Every line below from the one with "Partij installatiemateriaal bosch, buderus, remeha" through the one with "4th image of 2512 S Elizabeth St APT 5" should be retyped exactly, both ends included; no other lines and no pictures.

** Opening Extracted data block **

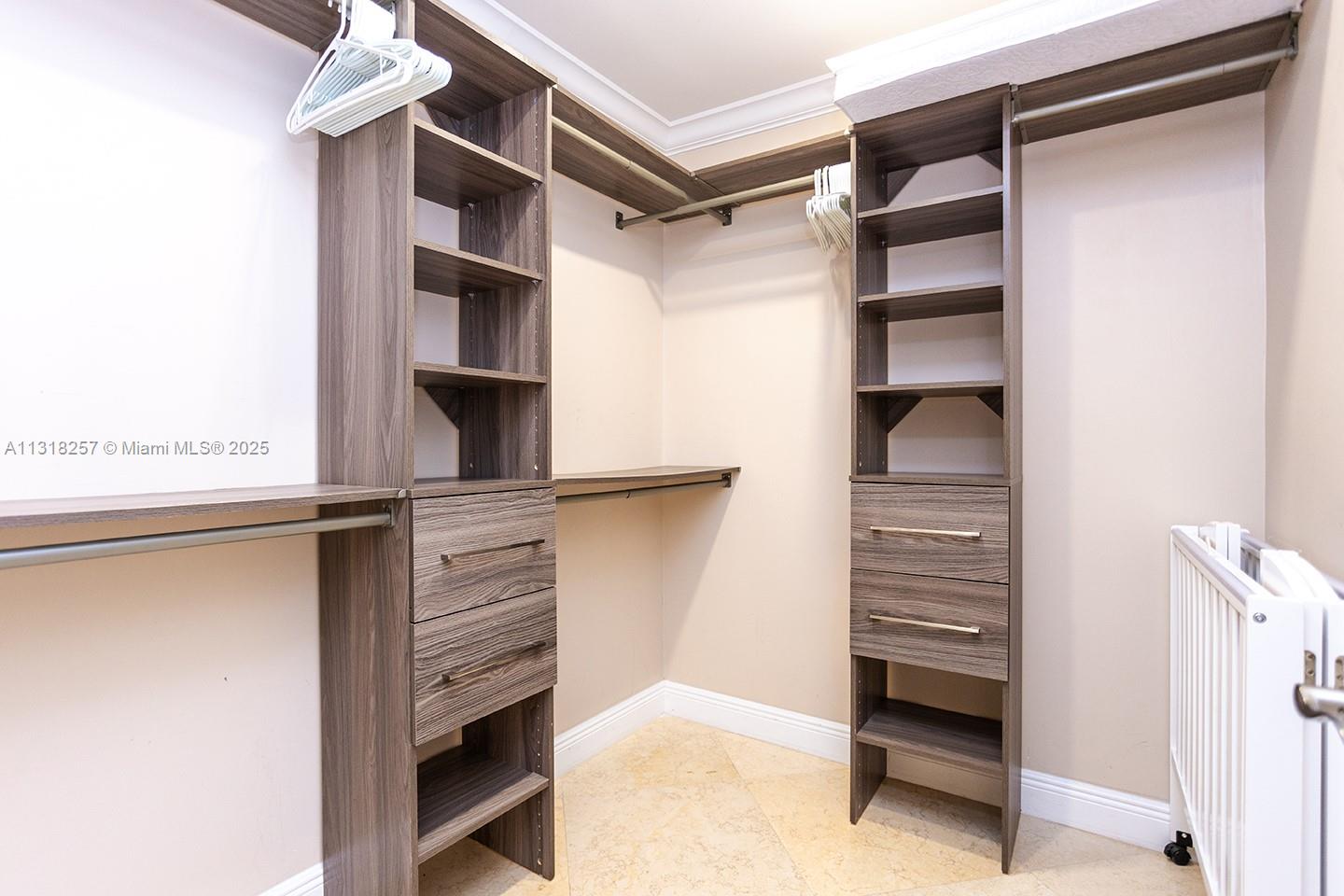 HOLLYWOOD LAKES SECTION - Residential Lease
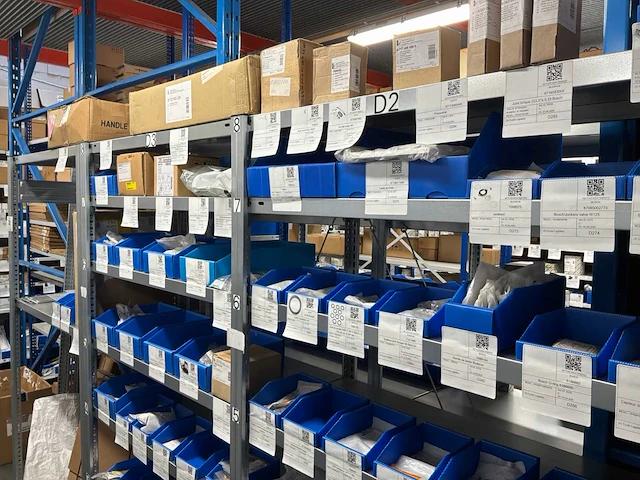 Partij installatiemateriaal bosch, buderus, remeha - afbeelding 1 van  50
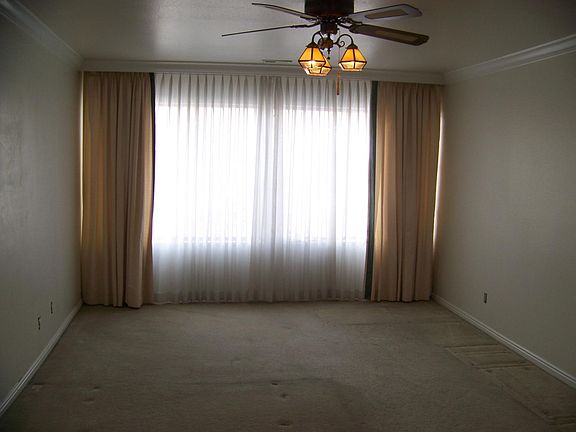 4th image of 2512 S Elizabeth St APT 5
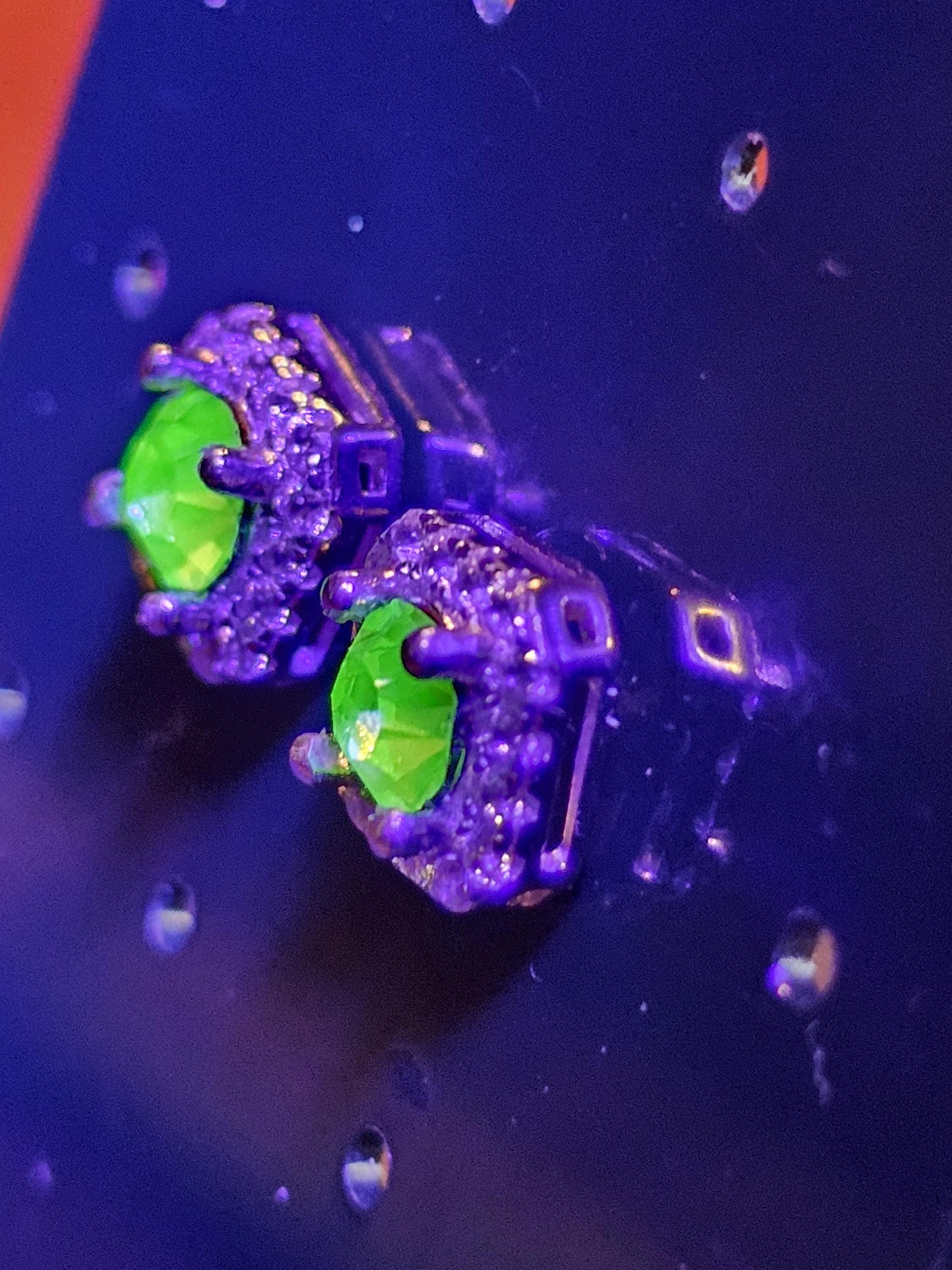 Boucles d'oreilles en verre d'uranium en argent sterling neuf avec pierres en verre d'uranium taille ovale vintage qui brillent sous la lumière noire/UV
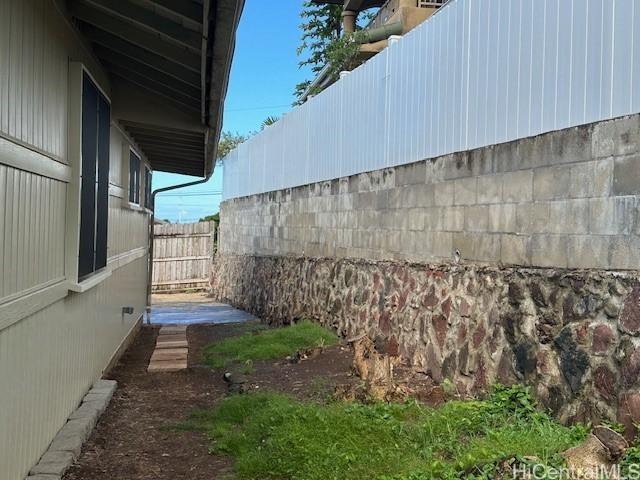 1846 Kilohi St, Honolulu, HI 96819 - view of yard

** Closing Extracted data block **
** Opening Extracted data block **

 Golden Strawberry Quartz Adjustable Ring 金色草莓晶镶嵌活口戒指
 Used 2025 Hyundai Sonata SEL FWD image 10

** Closing Extracted data block **

_Answer section_:
 Partij installatiemateriaal bosch, buderus, remeha - afbeelding 1 van  50
 4th image of 2512 S Elizabeth St APT 5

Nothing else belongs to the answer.